The HBase Doesn’t Sleep Book is an HBase technical book that makes people not fall asleep after reading. It is very good. In order to deepen my memory, I decided to organize important parts of the book into reading notes for later reference and hope to bring some help to students who are just learning HBase.

directory

  • Chapter 1 – Getting to know HBase
  • Chapter 2 – Get HBase Running
  • Chapter 3: HBase Basic Operations
  • Chapter 4 – Getting started with the Client API
  • Chapter 5 – HBase Internal Exploration
  • Chapter 6 – Advanced usage of the client API
  • Chapter 7 – Client API management capabilities
  • Chapter 8 – Faster
  • Chapter 9 – When HBase Meets MapReduce

1. Basic Concepts

1. CAP theory

Consistency Availability and Partition tolerance:

  • Consistency: Data is updated consistently and all data changes are synchronized.
  • Availability: Good response performance;
  • Partition tolerance: reliability.

Any distributed system can do two things at once, not all three. Instead of wasting energy on designing a perfectly distributed system that satisfies all three, architects should make trade-offs.

2, no

A lot of people think NoSQL is Not SQL, but it’s an abbreviation of Not Only SQL, which means more than SQL. In contrast to relational databases, NoSQL, a non-relational database, is not strictly transactional, even rather sloppy.

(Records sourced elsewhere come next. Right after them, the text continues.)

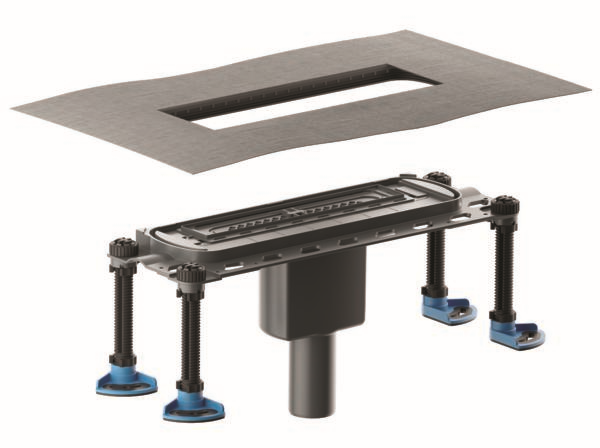 Ablaufgehäuse DallFlex 2.0 senkrecht, DN 50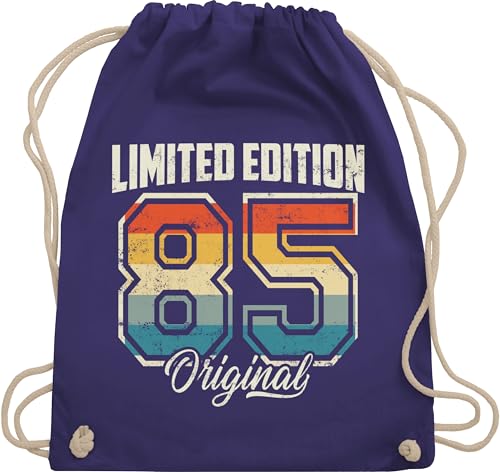 Turnbeutel Rucksack - 40. - Limited Edition 1985 Original I Vierzigster Geburtstag I 40 Geburtstag - Unisize - Lila - geschenkideen für frauen ab geschenkideen+für+frauen+ab+40 40er 1984 beutel von Shirtracer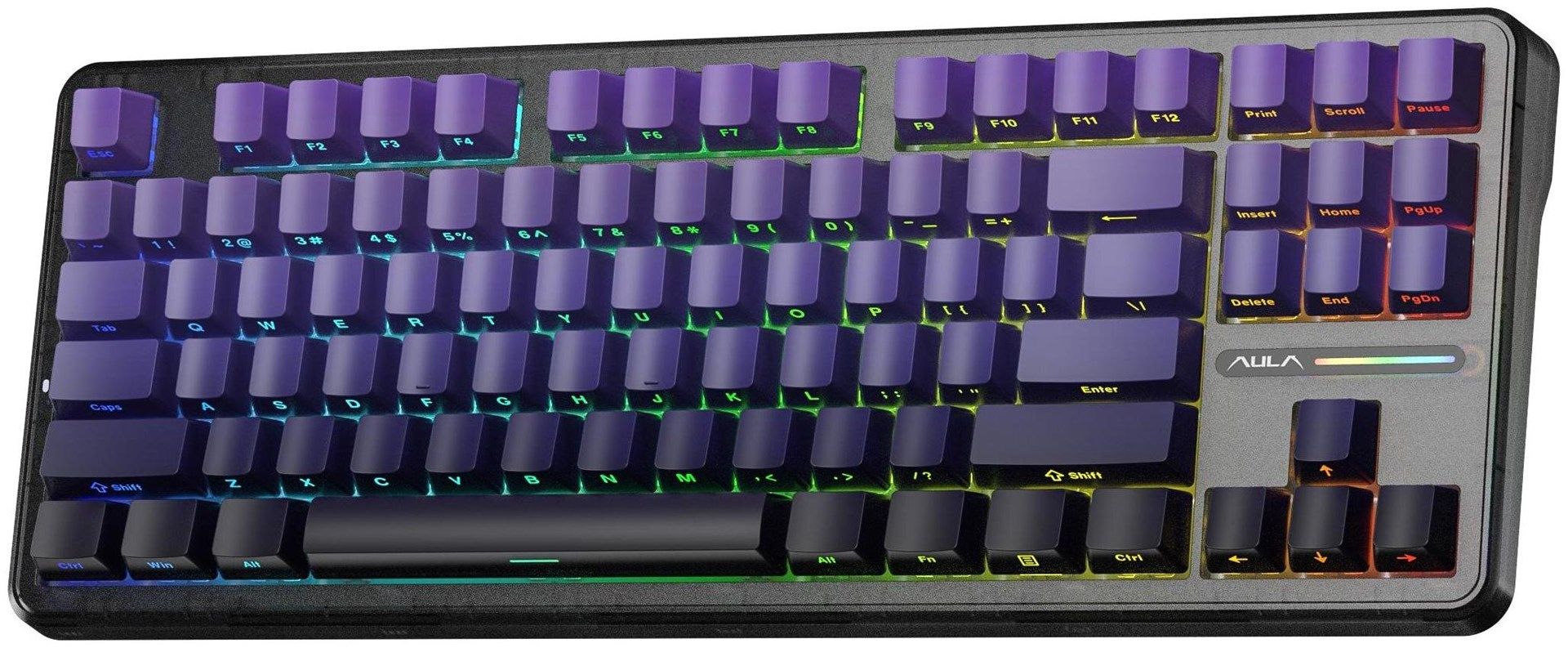 Aula F87 Pro Gasket Gaming Wireless Bluetooth Mechanical Keyboard Black/Purple US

Some databases are guaranteed final consistency, where information is not synchronized immediately but takes a while to achieve consistency. Let’s say you post an article, and some of your friends see it right away, while others wait five minutes for it to appear.

There is a delay, but who cares about a few minutes of delay for an entertaining Web 2.0 site? If you were using a traditional relational database, the site would have gone down long ago.

Some databases can operate even when parts of the machine go down by making multiple copies of the same data in several places, echoing the old adage: Don’t put all your eggs in one basket.

3. Column and row storage

Column-based storage is compared with row-based storage of traditional relational database. Simply speaking, the difference between the two is how to organize tables.

There are two ways to put a table into a storage system, and most of us use row storage. Row storage puts rows into contiguous physical locations, much like a traditional record and file system. Column storage stores data in columns to a database, similar to row storage. Here is a graphical illustration of the two storage methods.

The database system that applies row storage is called row database, and the database system that applies column storage is called column database.

One of the main advantages of column storage is that it can significantly reduce system I/O, especially when querying massive amounts of data.

2. When to use HBase?

HBase storage is based on Hadoop, which implements a distributed file system (HDFS). HDFS is highly fault tolerant, designed to be deployed on inexpensive hardware, and it provides high throughput to access application data, suitable for applications with large data sets. Being based on Hadoop means that HBase is inherently scalable and throughput strong.

HBase uses the Key/Value storage mode, which means that query performance hardly deteriorates as the amount of data increases.

HBase is a column database. If you have a large number of table fields, you can put some of the fields on one part of the cluster and the other fields on another part of the cluster to spread the load.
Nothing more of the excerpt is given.